▶ Work request: Repeat the data exactly as given below, dropping every picture.

▶ Material provided:
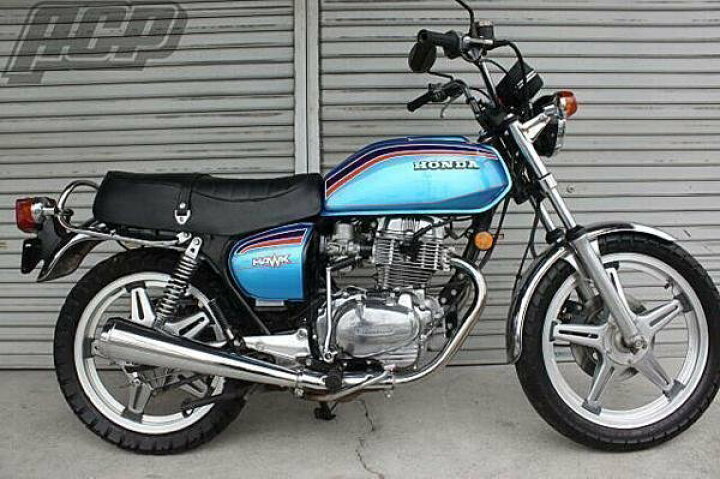 楽天市場】ホーク用 オリジナル ライン ステッカー 角タンク用 新品 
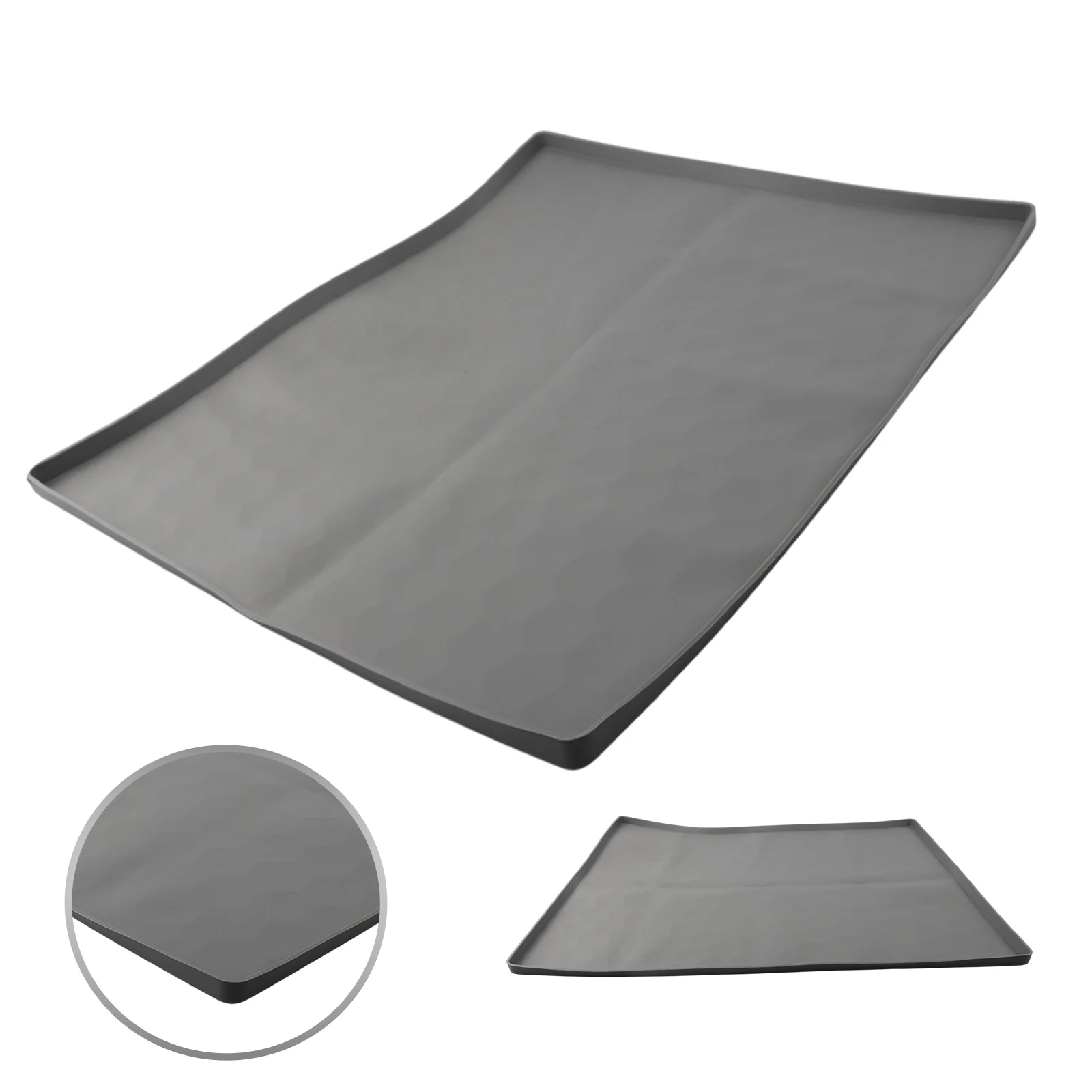 For Appliances Under Refrigerator Mat Silicone Mat Leak Prevention Leak Proof Floor Mat Multiple Sizes Available
For Appliances Under Refrigerator Mat Silicone Mat Leak Prevention Leak Proof Floor Mat Multiple Sizes Available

▶ Written answer:
 楽天市場】ホーク用 オリジナル ライン ステッカー 角タンク用 新品 
 For Appliances Under Refrigerator Mat Silicone Mat Leak Prevention Leak Proof Floor Mat Multiple Sizes Available
For Appliances Under Refrigerator Mat Silicone Mat Leak Prevention Leak Proof Floor Mat Multiple Sizes Available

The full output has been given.